=== WORK ORDER ===
Look through the entries below and copy exactly the part that begins with the line containing "ABAIXEI PRA VENDER!" and ends with the line containing "24 Piece Cutlery Sets". Do not copy the pictures.

[[ MATERIAL FOR THIS EXERCISE open ]]

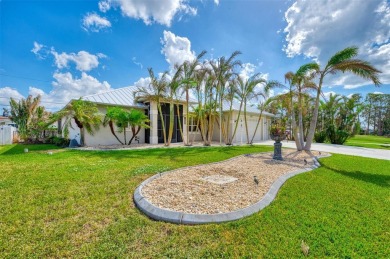 Beach Home For Sale in Venice, Florida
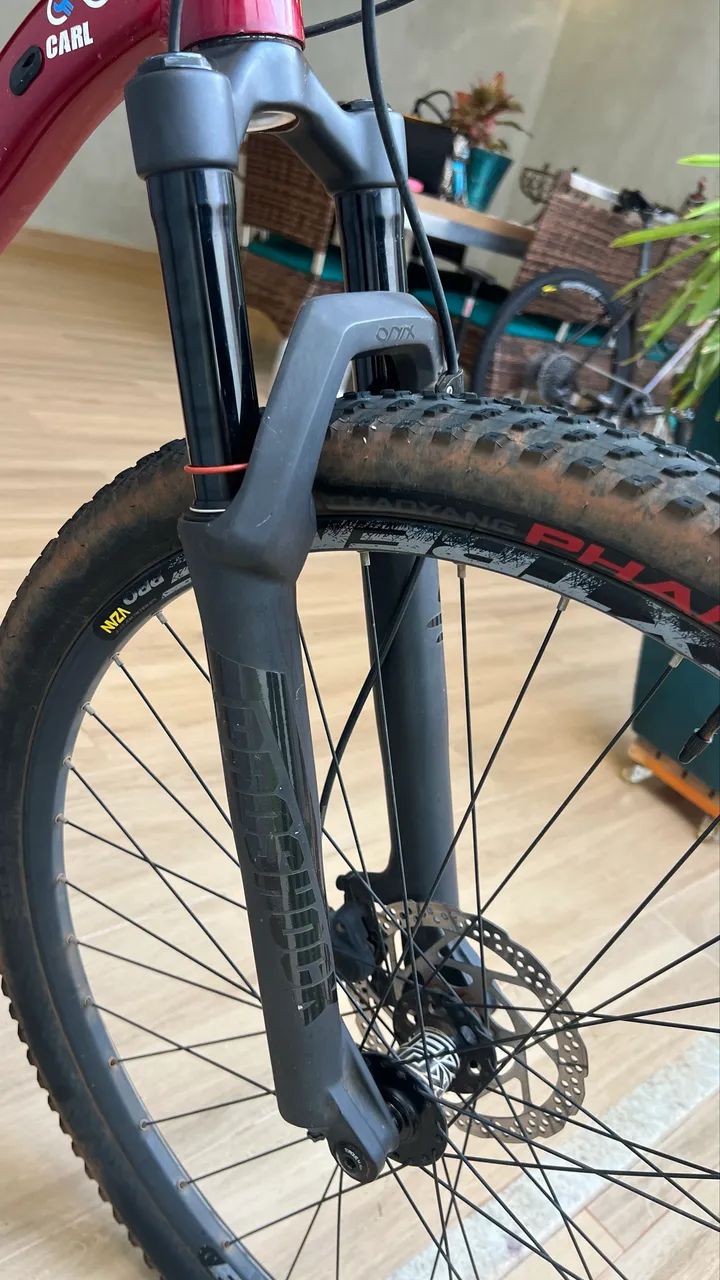 ABAIXEI PRA VENDER! Bike MTB Absolute Wild Boost 29 Tam L - 12v / Suspensão Ar Proshock - Foto 3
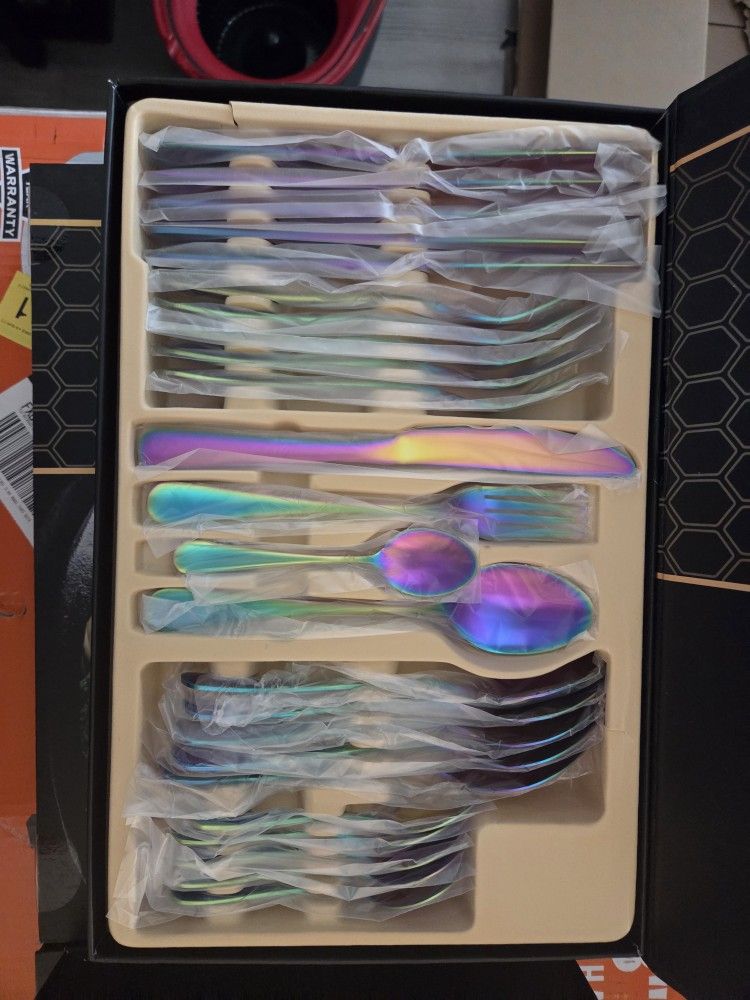 24 Piece Cutlery Sets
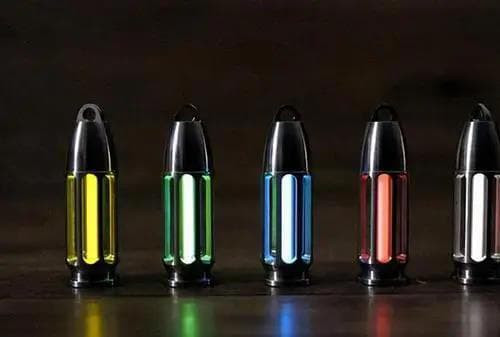 Vị trí thứ ba: Kim cương tự nhiên, chất cứng nhất trên trái đất, “hiếm” trên bề mặt trái đất. Chúng là những “tinh thể” được hình thành bởi nguyên tố carbon trong môi trường áp suất cao. Trên thực tế, trữ lượng kim cương trong lòng trái đất khá dồi dào nhưng việc khai thác chúng lại quá khó khăn. Hiện tại, giá một gram kim cương tự nhiên là khoảng 55.000 đô la Mỹ. Nó vẫn là "kim cương là mãi mãi, và một viên sẽ được truyền lại mãi mãi"!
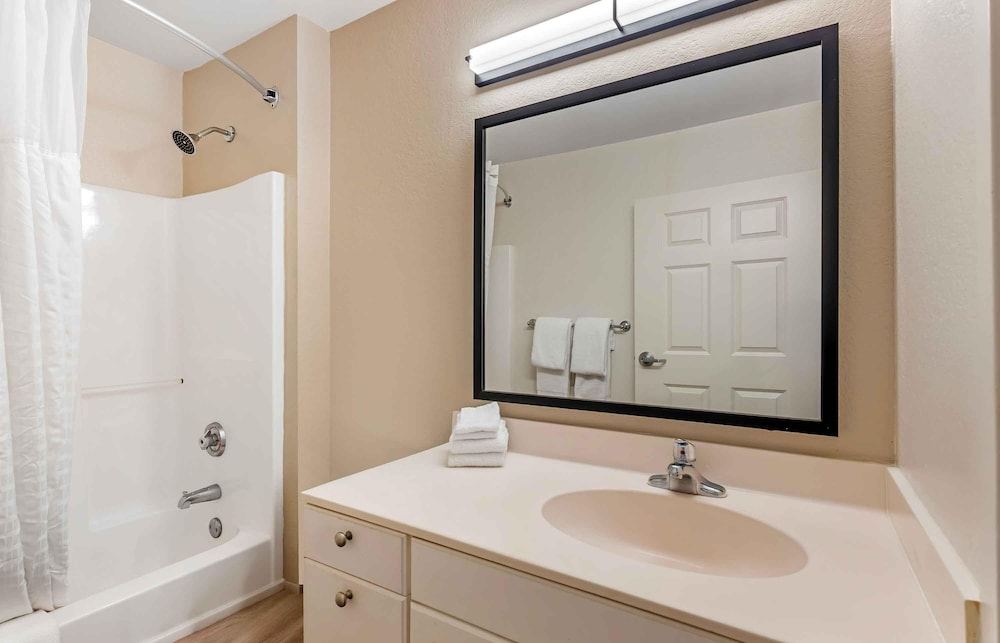 Extended Stay America Melbourne Airport 50/50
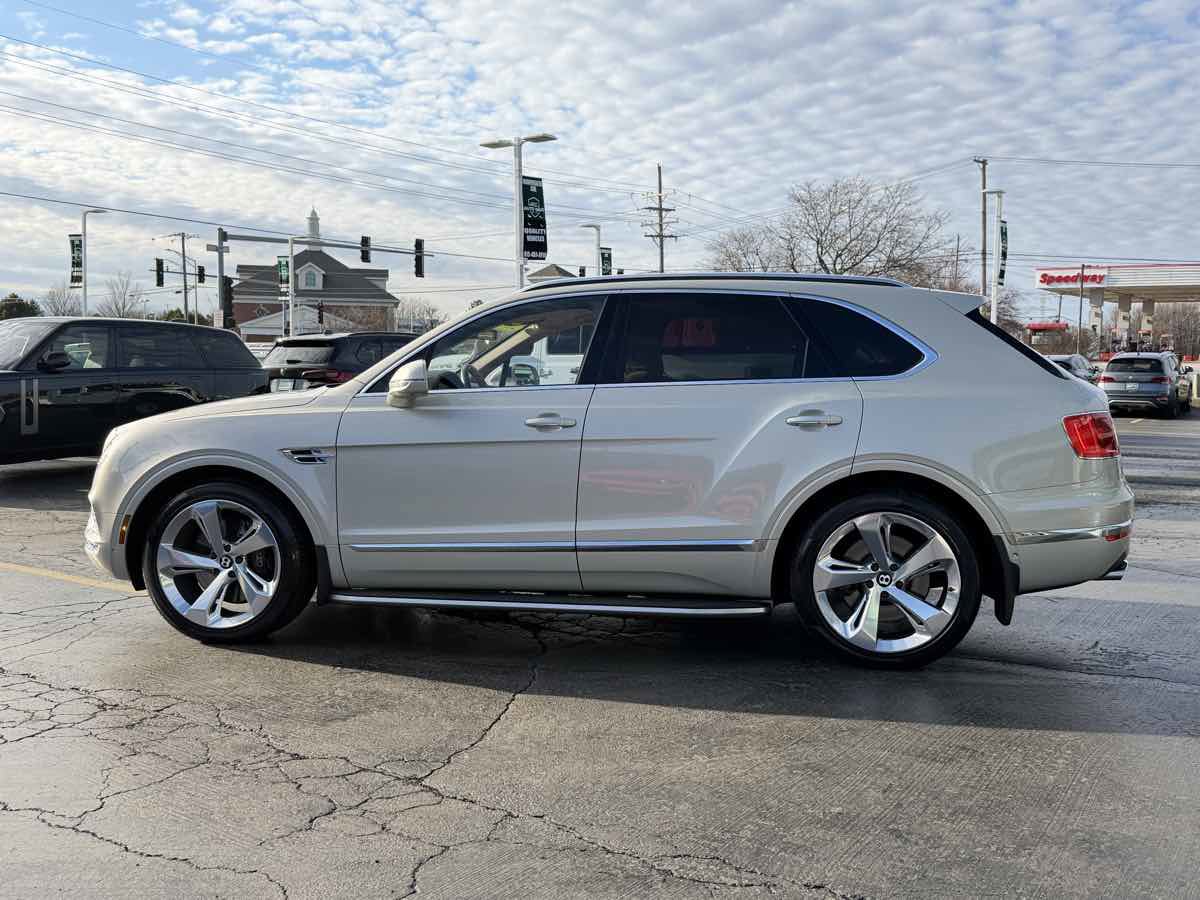 Used 2018 Bentley Bentayga image 15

[[ MATERIAL FOR THIS EXERCISE closed ]]

=== EXERCISE SOLUTION ===
 ABAIXEI PRA VENDER! Bike MTB Absolute Wild Boost 29 Tam L - 12v / Suspensão Ar Proshock - Foto 3
 24 Piece Cutlery Sets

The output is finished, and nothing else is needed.